Pourtant, les défis communs ne manquent pas. Parmi eux, l’inflation (6,4% en moyenne dans l’UE en juin, indiquait Eurostat le 19 juillet), qui pèse sur le remboursement des intérêts de l’emprunt souscrit pour le plan de relance (voir notre article du 12 mai) et sur le budget de l’Union, que la Commission propose par ailleurs de revoir à la hausse (voir notre article du 23 juin). S’y ajoute évidemment la nécessaire détermination de nouvelles ressources propres pour rembourser le principal à compter de 2028, qui tarde à se concrétiser. Or "la maîtrise du financement du budget européen est d’autant plus importante qu’elle intervient à un moment où certains pays européens, comme la France, doivent redresser sensiblement leurs finances publiques", alerte la Cour des comptes française dans un récent rapport (v. notre article du 28 juillet). La moyenne de la dette publique s’établit en effet à 83,7% du PIB de l’UE au 1er trimestre 2023. Mais elle est supérieure à 100% du PIB en Belgique, en France (112,4%), en Espagne, au Portugal et surtout en Grèce (168,3%). Une donnée à prendre d’autant plus au sérieux que la menace d’une récession plane sur l’UE (le FMI venant de constater le 28 juin dernier que l’économie européenne a "glissé dans une légère récession technique au début de 2023"). La Commission doit également tenir compte d’autres enjeux, qui passent relativement inaperçus dans l’Hexagone, mais qui mobilisent beaucoup d’autres ailleurs, comme celui des migrations.
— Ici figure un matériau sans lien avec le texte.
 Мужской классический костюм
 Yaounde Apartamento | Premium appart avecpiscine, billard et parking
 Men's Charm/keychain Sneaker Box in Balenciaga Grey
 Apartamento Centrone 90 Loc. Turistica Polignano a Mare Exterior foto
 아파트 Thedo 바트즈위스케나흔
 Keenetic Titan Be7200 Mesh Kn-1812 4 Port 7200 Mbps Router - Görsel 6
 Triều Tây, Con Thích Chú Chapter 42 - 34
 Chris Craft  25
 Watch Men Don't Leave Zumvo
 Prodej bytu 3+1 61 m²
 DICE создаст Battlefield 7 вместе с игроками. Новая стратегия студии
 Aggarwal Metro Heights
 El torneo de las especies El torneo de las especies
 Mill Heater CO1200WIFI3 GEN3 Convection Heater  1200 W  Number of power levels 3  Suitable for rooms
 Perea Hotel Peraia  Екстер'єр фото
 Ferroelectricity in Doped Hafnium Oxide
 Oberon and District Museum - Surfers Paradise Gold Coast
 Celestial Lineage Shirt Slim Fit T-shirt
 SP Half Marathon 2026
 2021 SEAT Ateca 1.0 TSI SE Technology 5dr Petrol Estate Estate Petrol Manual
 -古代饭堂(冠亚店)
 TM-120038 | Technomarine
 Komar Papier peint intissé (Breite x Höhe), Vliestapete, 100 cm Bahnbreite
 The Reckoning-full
L’Italie vient ainsi organiser le 23 juillet une conférence réunissant 21 pays (dont la Grèce et l’Espagne) sur le sujet, en présence des présidents du Conseil européen et de la Commission.

Année tumultueuse

Reste que cette dernière année de mandat pour la Commission promet d’être sportive. Les élections du 23 juillet en Espagne, qui préside le Conseil de l’UE jusqu’en décembre, n’ont pas permis de dégager une majorité claire. En l’absence de coalition, de nouvelles élections devront être organisées. Or on sait d’expérience, avec la récente présidence française de l’UE (voir notre dossier), que cela n’est guère propice à l’avancée des dossiers. Même si la Belgique – qui présidera le Conseil de l’UE à compter du 1er janvier – a déjà montré que l’absence de gouvernement n’était pas nécessairement préjudiciable. D’autres élections vont encore perturber l’agenda. Le vice-président de la Commission Frans Timmermans devrait ainsi prochainement quitter le navire pour tenter de prendre la tête du gouvernement des Pays-Bas, après la démission surprise de Mark Rutte début juillet, la question de l’accueil des demandeurs d’asile ayant eu raison de la coalition qu’il animait (élections législatives en novembre). Des élections législatives doivent également se tenir en Slovaquie (en septembre), au Luxembourg (en octobre), et en Pologne (octobre/novembre). A minima.